In 1999, Roseline Odine reached the turning-point where she could be a slave no longer: “That’s it. That’s it,” she said. Roseline’s narrative features a long escape sequence as she moved through the turning-point from slavery to freedom.

Roseline spent two and a half years as a domestic slave in Washington DC. Promised an American education and a babysitting jobs, she was tricked into leaving her family in Cameroon at the age of 14. Upon arrival in the US she worked long hours for no money, was not sent to school, and was beaten and verbally abused. Roseline was also sexually harassed. She recounts a process of indoctrination and mind-control that eventually meant she “didn’t want to talk to the cop because of what she [her enslaver] had told me in the house—that America’s no good.”

After escaping, Roseline met Louis Etongwe, a cousin of the man who drove her to safety. She told him that there were two more Cameroonian slaves in the area. Louis helped them to escape, then took tapes of all three girls to Cameroon to show their parents and gather evidence against the traffickers. Roseline’s captors, Louisa and Kevin, were eventually convicted, sentenced to nine years in prison, and told to pay her $100,000 in restitution. Kevin was also convicted of attempted sexual assault.

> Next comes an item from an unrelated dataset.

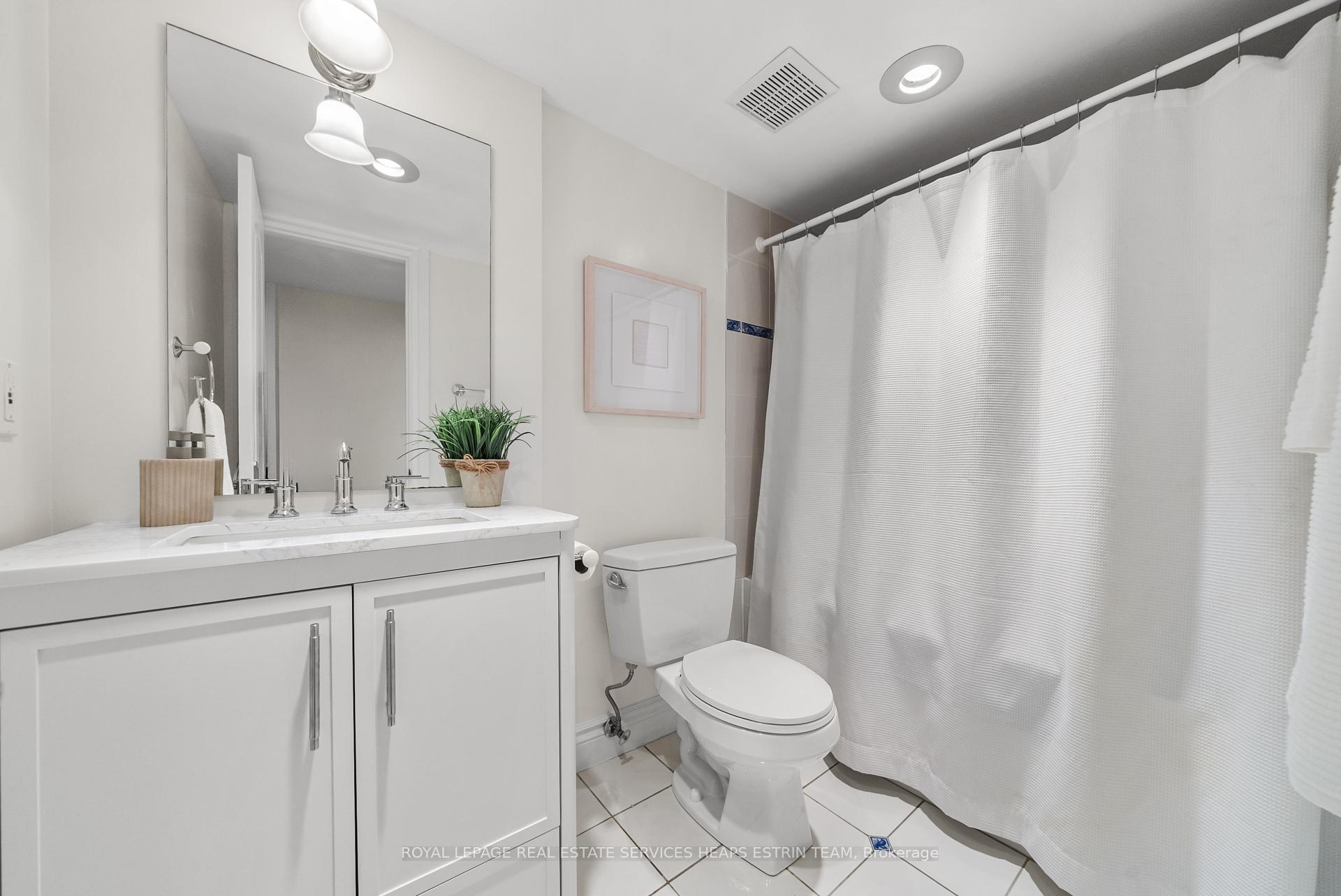 Photo 29 of 43 Randolph Road, Toronto, Leaside — HOMEH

I grew up in Cameroon. I always wanted to be a designer. I was in school back then and I always liked to make a little skirt, a little blouse and do knitting. Just trying to create something. I was 14 years old when I came to this country. I wanted to help my family. I was so close with my family, especially my sisters. We did so many fun things together. When we get off school we did each others’ homework. When I came here my sisters didn’t want me to go. But I had to do it because I was told that I was coming here to go to school. It was hard leaving them. If I could wish for anything, I would wish to be with my sisters. I’ve talked to them once in a while but since I came here I’ve never seen them.

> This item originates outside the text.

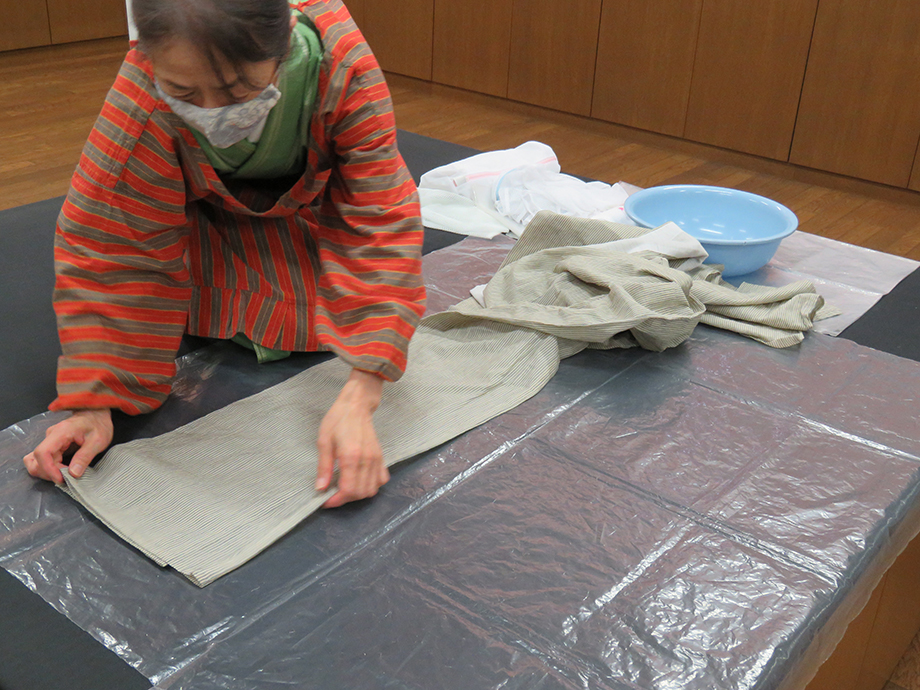 小千谷縮の洗い方 13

Unfortunately when I get here it didn’t happen the way it was supposed to. Things changed a little bit…well a lot. I never went to school when I was living with them and I wasn’t getting paid. She told me that she would send money back home to my parents but I’ve never talked to my parents so I don’t know if they sent any money. If you don’t know somebody, don’t send your kids out to them. Don’t just hear that your kid is going to go to school, because they will make that promise but it will never fulfilled. They won’t do it.

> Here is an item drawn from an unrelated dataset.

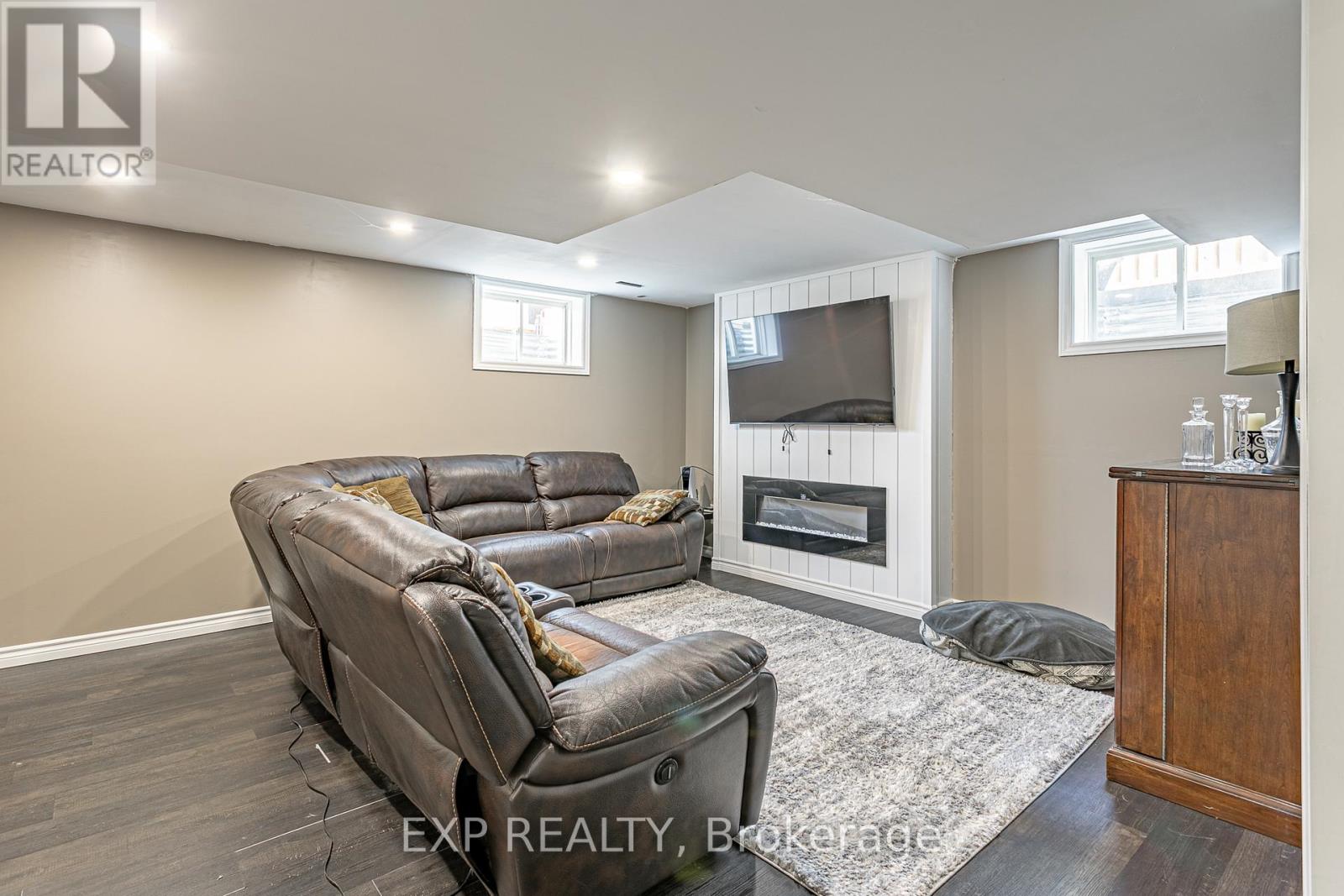 8 Oliver Crescent, Zorra (Thamesford), Ontario  N0M 2M0 - Photo 22 - X13100584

I would get up in the morning around 5am or 5.30am and at 6am make breakfast and get the kids up and have them ready for school. And once they went to school I would stay home and clean and cook and do their laundry. When she wasn’t home I tried to finish my work so I could relax a little bit. But when she was there I had to make sure that I’m doing something so I wouldn’t get yelled at or hit. Even if I had to sweep the floor three times, I just had to do something. It was actually pretty hard, cause I had nobody to talk to. I used to take care of two kids and sometimes the sister’s kids as well. That’s all I used to do.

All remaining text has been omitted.